WHAT TO PRODUCE
Look through the data below and output, unchanged, every line from the one holding "Maison MIHARAYASUHIRO - メゾン" through the one holding "1 bedroom in a house share to rent - Photo 3", inclusive. Skip the pictures.

RECORD SET
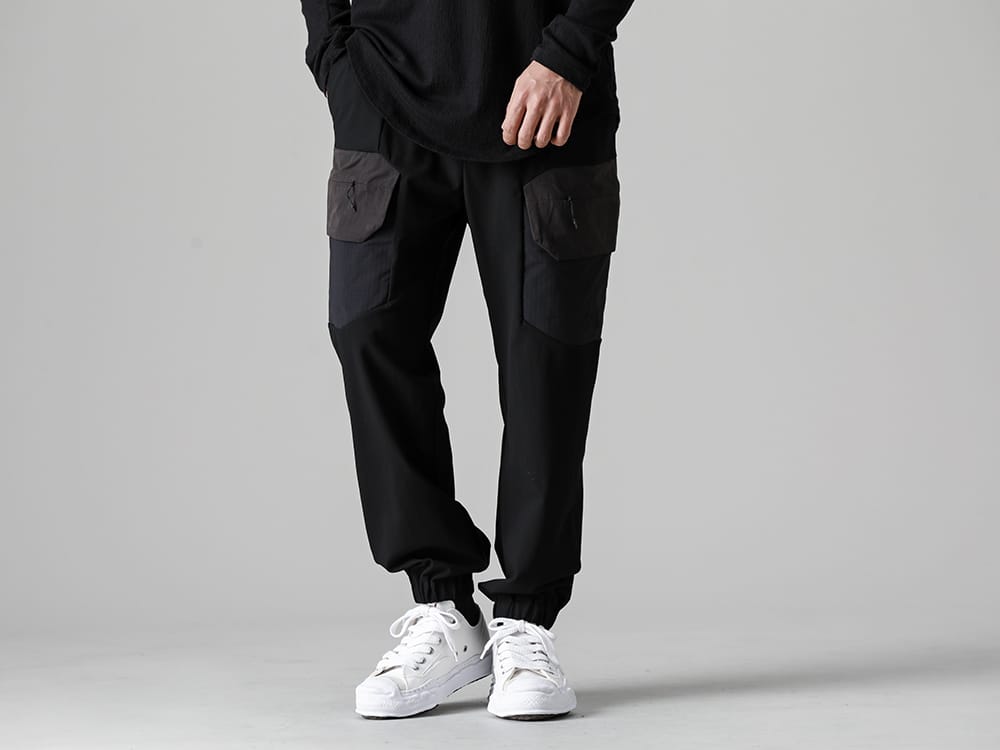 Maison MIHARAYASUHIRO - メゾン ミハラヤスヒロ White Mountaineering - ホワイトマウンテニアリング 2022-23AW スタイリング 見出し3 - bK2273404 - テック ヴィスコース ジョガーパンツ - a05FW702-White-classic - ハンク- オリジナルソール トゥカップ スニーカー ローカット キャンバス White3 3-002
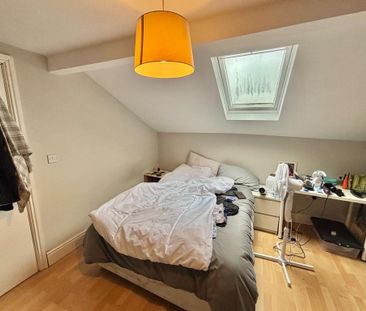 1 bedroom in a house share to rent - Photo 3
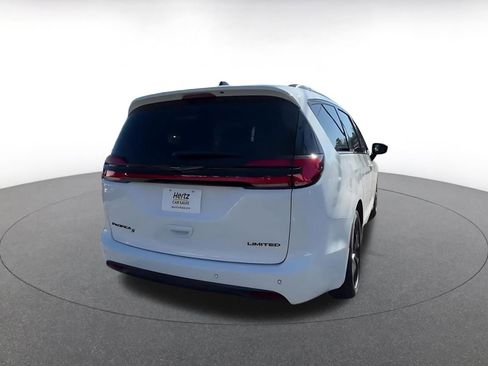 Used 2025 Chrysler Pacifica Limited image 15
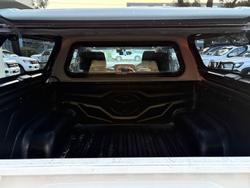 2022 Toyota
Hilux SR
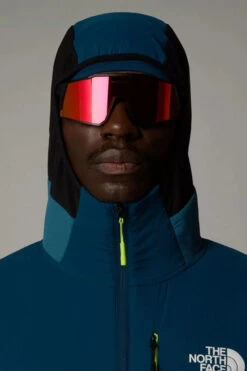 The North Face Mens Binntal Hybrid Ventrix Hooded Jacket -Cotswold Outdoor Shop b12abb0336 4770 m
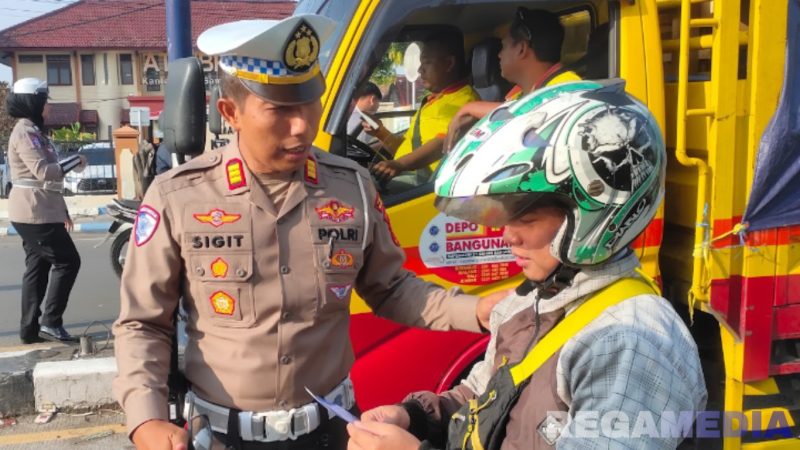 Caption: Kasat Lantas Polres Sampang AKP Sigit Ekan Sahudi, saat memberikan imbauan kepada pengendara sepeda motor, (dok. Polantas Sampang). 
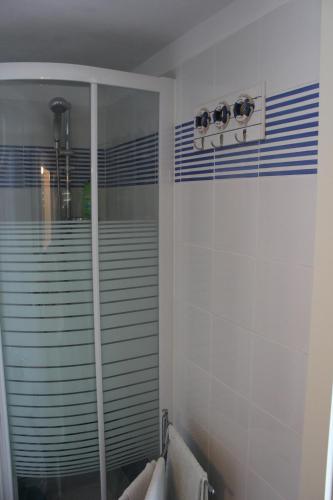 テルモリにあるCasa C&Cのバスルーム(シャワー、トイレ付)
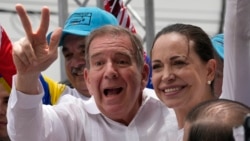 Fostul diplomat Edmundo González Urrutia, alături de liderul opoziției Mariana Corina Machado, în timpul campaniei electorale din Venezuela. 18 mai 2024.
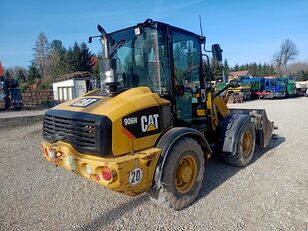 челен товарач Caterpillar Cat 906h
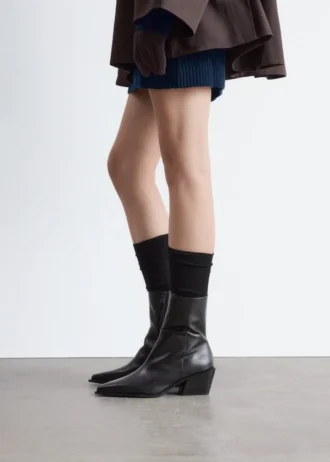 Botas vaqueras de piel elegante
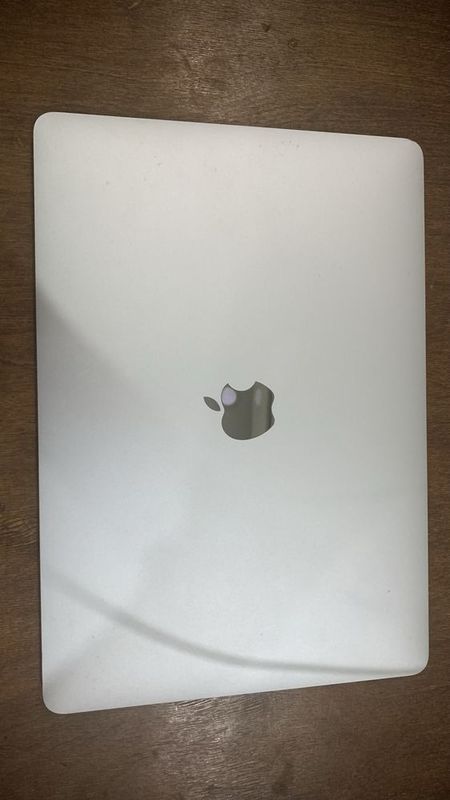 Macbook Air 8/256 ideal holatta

==

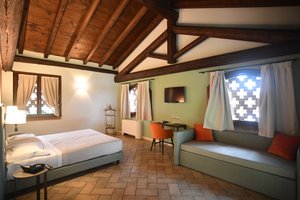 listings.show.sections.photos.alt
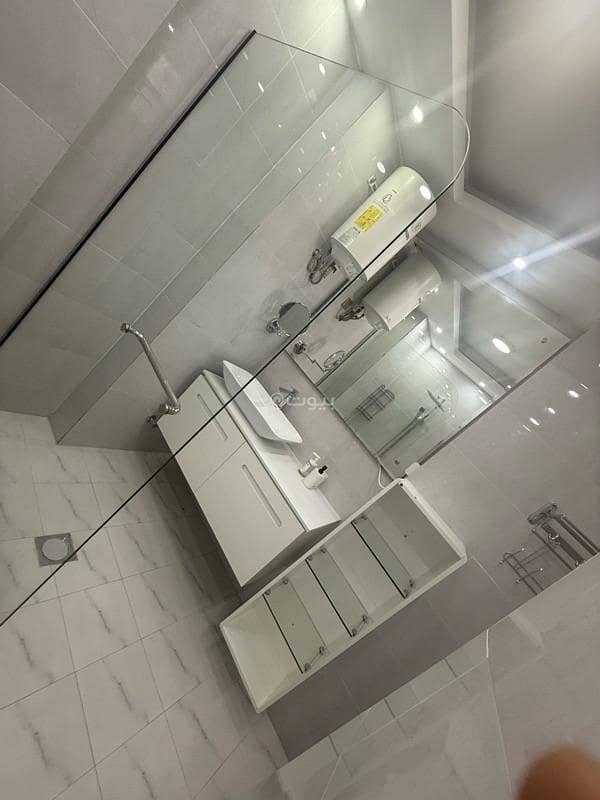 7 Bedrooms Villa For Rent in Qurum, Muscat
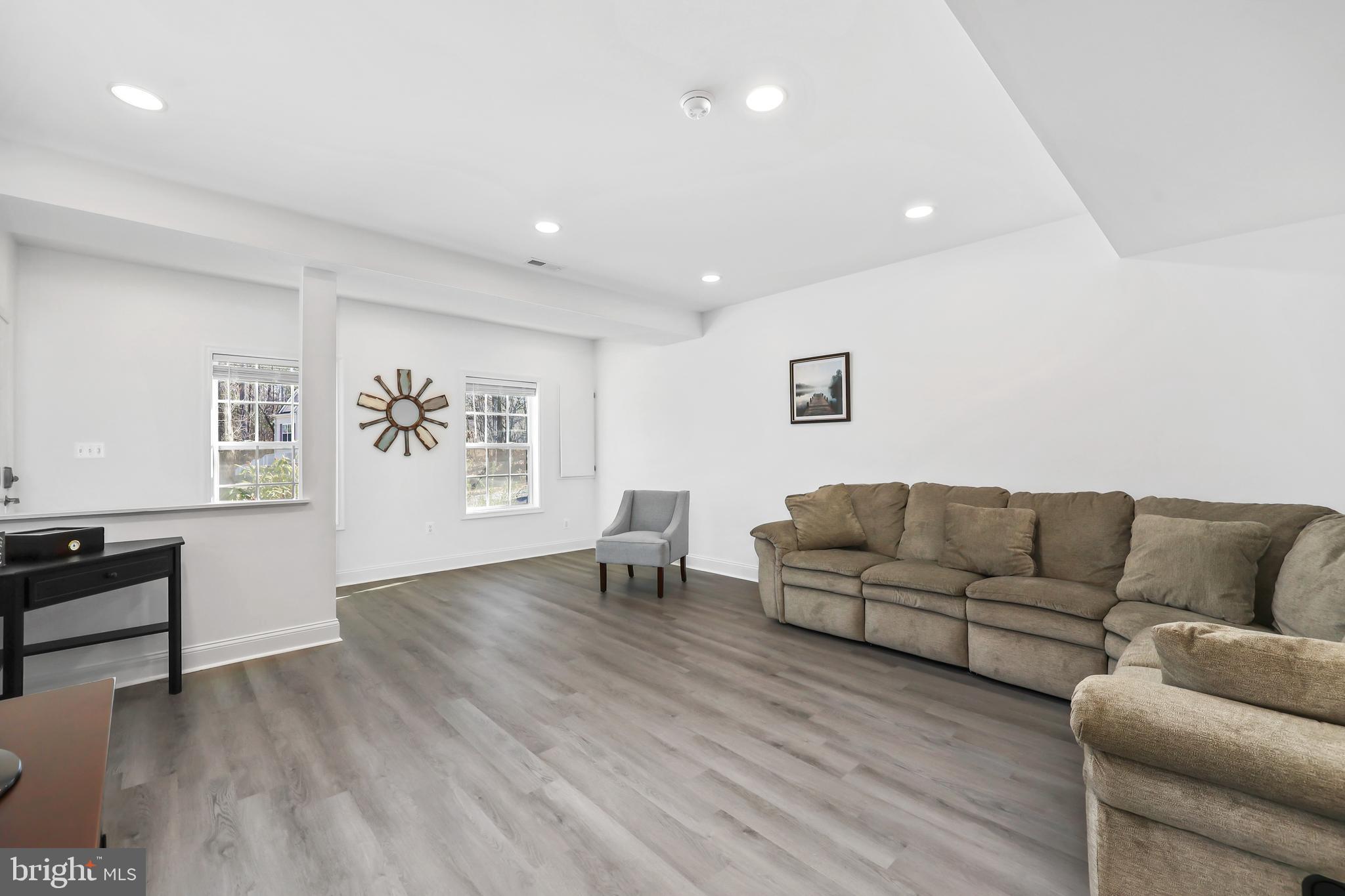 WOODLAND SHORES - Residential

SOLUTION TO THIS EXERCISE
 Maison MIHARAYASUHIRO - メゾン ミハラヤスヒロ White Mountaineering - ホワイトマウンテニアリング 2022-23AW スタイリング 見出し3 - bK2273404 - テック ヴィスコース ジョガーパンツ - a05FW702-White-classic - ハンク- オリジナルソール トゥカップ スニーカー ローカット キャンバス White3 3-002
 1 bedroom in a house share to rent - Photo 3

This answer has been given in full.